|Location||Suður-Þingeyjarsýsla, Northeastern Region, Iceland|
Holuhraun ([ˈhɔːlʏˌr̥œiːn] (listen)) is a large lava field just north of the Vatnajökull ice cap, in the Icelandic Highlands, in Suður-Þingeyjarsýsla, Northeastern Region, Iceland. The lava field was created by fissure eruptions. After a research expedition in 1880, the lava field was initially called Kvislarhraun [ˈkʰvɪstlar̥ˌr̥œiːn]. Four years later, it received its current name by the geologist and geographer, Þorvaldur Thoroddsen. Holuhraun is the site of a volcanic eruption which began on 29 August 2014 and produced a lava field of more than 85 km2 (33 sq mi) and 1.4 km3 (0.34 cu mi) – the largest in Iceland since 1783.

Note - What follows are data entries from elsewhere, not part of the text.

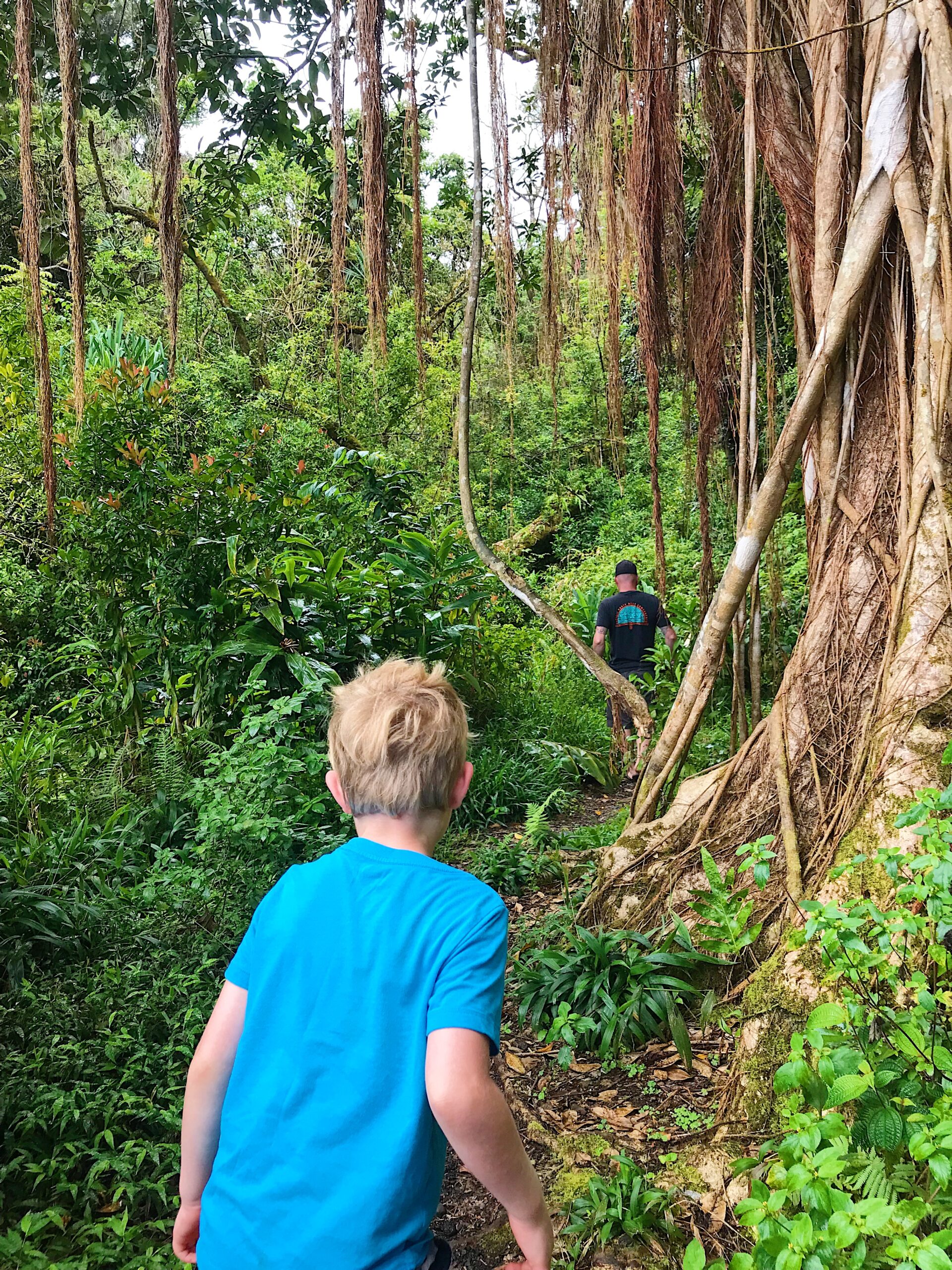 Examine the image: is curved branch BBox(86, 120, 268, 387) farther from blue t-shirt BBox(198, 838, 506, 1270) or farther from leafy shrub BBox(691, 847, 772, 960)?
blue t-shirt BBox(198, 838, 506, 1270)

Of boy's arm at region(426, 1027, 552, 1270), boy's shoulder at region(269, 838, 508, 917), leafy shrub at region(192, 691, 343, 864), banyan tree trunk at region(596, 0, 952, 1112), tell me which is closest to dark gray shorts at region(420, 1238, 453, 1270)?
boy's arm at region(426, 1027, 552, 1270)

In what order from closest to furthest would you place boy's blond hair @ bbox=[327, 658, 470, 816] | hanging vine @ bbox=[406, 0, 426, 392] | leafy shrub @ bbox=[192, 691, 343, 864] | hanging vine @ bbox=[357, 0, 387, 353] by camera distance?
boy's blond hair @ bbox=[327, 658, 470, 816] < hanging vine @ bbox=[357, 0, 387, 353] < hanging vine @ bbox=[406, 0, 426, 392] < leafy shrub @ bbox=[192, 691, 343, 864]

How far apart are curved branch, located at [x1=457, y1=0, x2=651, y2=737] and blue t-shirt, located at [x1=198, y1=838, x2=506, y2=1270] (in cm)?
259

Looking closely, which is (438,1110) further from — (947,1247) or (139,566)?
(139,566)

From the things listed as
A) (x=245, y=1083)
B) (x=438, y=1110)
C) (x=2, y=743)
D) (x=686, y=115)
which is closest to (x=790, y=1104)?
(x=438, y=1110)

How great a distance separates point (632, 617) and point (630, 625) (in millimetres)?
58

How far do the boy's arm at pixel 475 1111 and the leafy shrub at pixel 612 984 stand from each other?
183 cm

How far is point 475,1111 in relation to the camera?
0.95 meters

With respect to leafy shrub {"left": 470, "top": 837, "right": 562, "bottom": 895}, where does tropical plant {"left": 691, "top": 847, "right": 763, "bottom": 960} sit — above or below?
above

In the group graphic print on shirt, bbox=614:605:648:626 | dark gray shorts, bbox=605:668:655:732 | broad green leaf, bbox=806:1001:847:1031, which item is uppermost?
graphic print on shirt, bbox=614:605:648:626

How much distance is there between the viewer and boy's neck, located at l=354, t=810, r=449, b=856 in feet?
3.66

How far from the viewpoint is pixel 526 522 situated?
1426 centimetres

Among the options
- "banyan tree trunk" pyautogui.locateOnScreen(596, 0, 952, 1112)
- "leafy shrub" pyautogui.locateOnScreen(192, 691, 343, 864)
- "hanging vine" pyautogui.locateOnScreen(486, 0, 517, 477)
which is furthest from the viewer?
"leafy shrub" pyautogui.locateOnScreen(192, 691, 343, 864)

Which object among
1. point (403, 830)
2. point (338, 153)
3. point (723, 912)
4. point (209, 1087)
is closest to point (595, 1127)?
point (723, 912)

Holuhraun is situated at the southern end of Ódáðahraun, which is one of the largest lava fields in the country. The main volume of the Jökulsá á Fjöllum river flows from the eastern side of Holuhraun, in the Kverkfjöll area. Hrimalda, Urðarháls and Kistufell are to the west of Holuhraun, with Dyngjuháls and Trölladyngja beyond. The Dyngjujökull glacier, which is part of Vatnajökull, is to the immediate south. Holuhraun is about 15 km (9.3 mi) south of the Askja caldera, and the Bárðarbunga volcano is 41.39 km (25.7 mi) to the south-west of Holuhraun. Holuhraun is traversed by an unnumbered road, which connects to the Route F910 gravel road at both the east and the west ends.
Located at the northern and southern extensions of the Bárðarbunga and Askja fissure systems, respectively, the soil is mainly composed of lavas derived from these volcanoes, either in the form of flows or alluvial deposits of volcanic origin. The geological configuration, along with the presence of nearby subglacial volcanoes such as Bárðarbunga and Grímsvötn, is responsible for the risk of jökulhlaups, which have affected Holuhraun repeatedly.
Until 2014, the surface of the lava field was of an older lava flow, which had erupted from a vent associated with Askja in 1797. In the early hours of 29 August 2014, a small fissure eruption occurred in Holuhraun at the northern end of a magma intrusion which had moved progressively north, since 16 August, from the Bárðarbunga volcano. The progression of the magma intrusion was accompanied by an earthquake swarm. The eruption began just after midnight and stopped at 04:00 GMT. The active fissure was about 600 m (660 yd) in length.
Another fissure eruption started in Holuhraun at around 05:05 GMT on the morning of 31 August 2014, in the same rift as the eruption which had occurred two days earlier. The eruptive fissure was estimated to be 1.5 km (0.93 mi) long. By 4 September, the total area of the lava flow was estimated at 10.8 km2 (4.2 sq mi). Two new eruptive fissures formed south of the main eruption site, on 5 September. The new fissures were substantially smaller than the older fissure. By 7 September, the lava flow had extended 11 km (6.8 mi) to the north, and had reached the main western branch of the Jökulsá á Fjöllum river. The eruption showed no visible activity in the southern fissure, on the evening of 7 September. The lava flow is considered to be the largest in recent decades in Iceland and covered 44 km2 (17 sq mi) on 29 September. The volcanic eruption in Holuhraun continued with similar intensity as the previous few weeks. The lava field covered 63 km2 (24 sq mi) in late October. On 11 November, it was reported that the lava field extended to 70 km2 (27 sq mi) and more than 1 km3 (0.24 cu mi) in volume - the largest in Iceland since the Laki eruption of 1783. 
The eruption ended on 27 February 2015. The Holuhraun lava field measures more than 85 km2 (33 sq mi) and the volume is around 1.6 km3 (0.38 cu mi).
Several names were proposed for the new lava field in the Holuhraun area, among them Flæðahraun, Nornahraun, and Urðarbruni. Finally, the decision was to keep the existing name Holuhraun.